The man accused of swinging two machetes at a bus stop in Central Square on Aug. 1, slashing one bystander, and then barricading himself in his apartment in The Port for 18 hours had been released by a judge who did not order a mental evaluation requested by prosecutors, according to a spokesperson for Suffolk County District Attorney Kevin Hayden.
Princiano Faustin, 51, was released on his own recognizance July 29 after being arrested in Boston on charges that he assaulted a police officer, threatened to commit a crime and resisted arrest.
Prosecution and defense agreed to the release before Boston Municipal Court judge John E. McDonald ordered Faustin freed, with the next hearing scheduled Sept. 11, according to court records. The trial docket said the judge ordered a mental competency examination by a courthouse clinician, who didn’t recommend treatment or further assessment, but Hayden’s spokesperson, James Borghesani, said no evaluation was ordered despite the prosecution’s request for one.

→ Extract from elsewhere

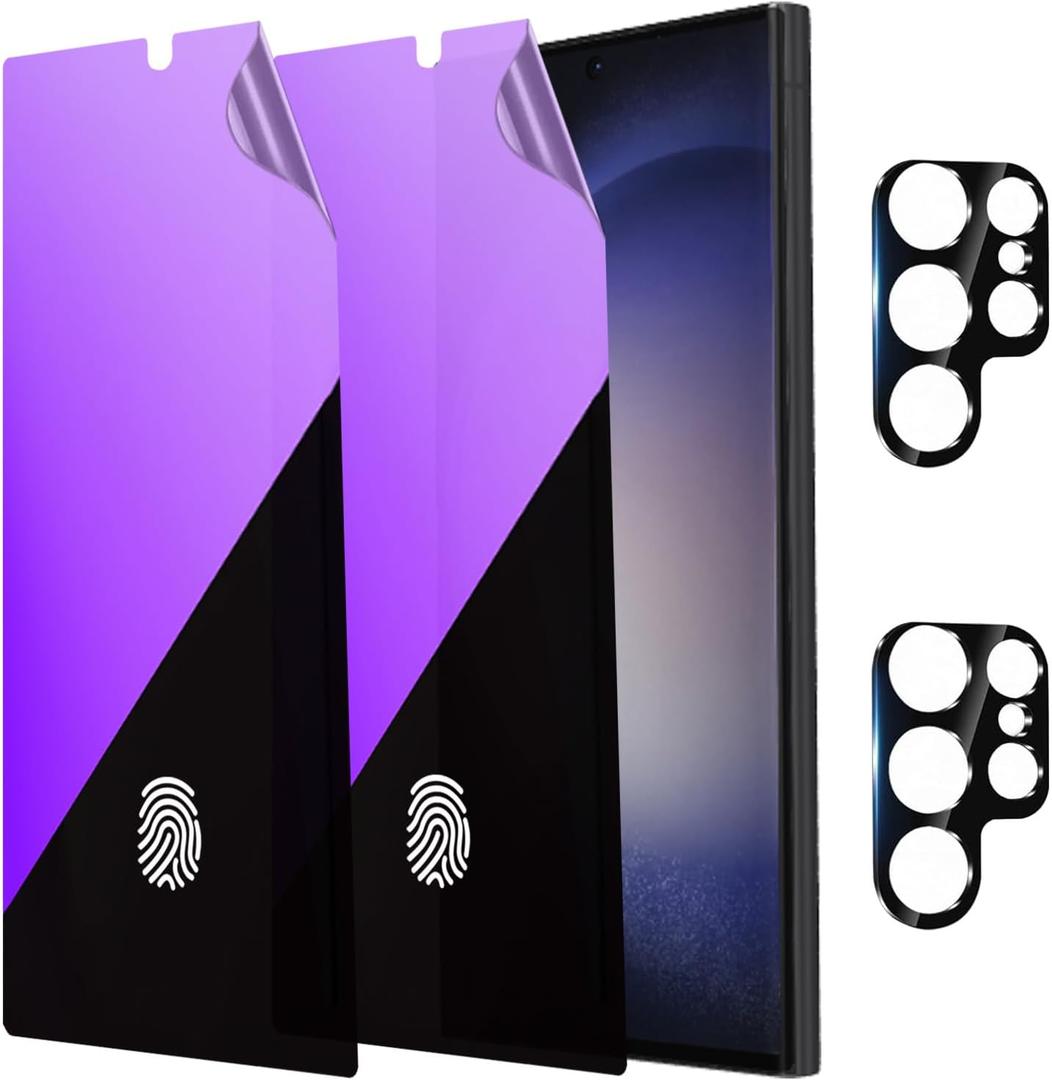 2 Pack Anti-Blue Privacy Screen Protector for Samsung Galaxy S23 Ultra Anti-Spy Soft Film Support Finger Unlock 6.8 inch + 2 Pack Camera Lens Glass Protector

Borghesani also said prosecutors asked for $250 bail. It wasn’t clear why prosecutors agreed to Faustin’s release on his own recognizance, as reflected in the docket, if they had wanted bail to be set. Faustin is now at Bridgewater State Hospital for another competency exam and facing nine charges, including armed assault to murder, mayhem and four counts of assault with a dangerous weapon. Cambridge police arrested him Saturday in his apartment at 243 Broadway, where he had holed up after officers pursued him from Central Square. The bystander he allegedly slashed was taken to Massachusetts General Hospital with nonlife-threatening injuries, police said.
During the standoff, police tossed a “pepper ball” containing a chemical irritant into a window of the six-story building in an effort to force Faustin out. He didn’t leave, but the fumes sent many other tenants outside, where they waited for hours. Police say they are investigating the action.
Faustin’s next hearing in the Cambridge case is Aug. 22. Middlesex district attorney Marian Ryan’s office is seeking to have him held without bail because of dangerousness. A phone message was left Friday for his public defender lawyer, Juliana McCorkle; her office said she probably wouldn’t get the message until Monday.
Faustin had lived at 243 Broadway, a building owned by affordable housing developer Just A Start, since April 2024, said Just A Start real estate director Joshua Sawyer.
Sawyer said the police standoff was “a situation we had never encountered before.” Police contacted the building manager, Maloney Properties, and “shared critical information about keeping people safe” but did not tell management “about their plans,” including using the chemical irritant or ask about the building’s ventilation system, Sawyer said.
“We’re reflecting and talking with the management team about what else we could be doing,” he said. Just A Start employed cleaning crews after the incident “to make sure the property was safe and clean for our residents,” he said. The developer is “reaching out with resources for residents” who might be traumatized by the incident, he said.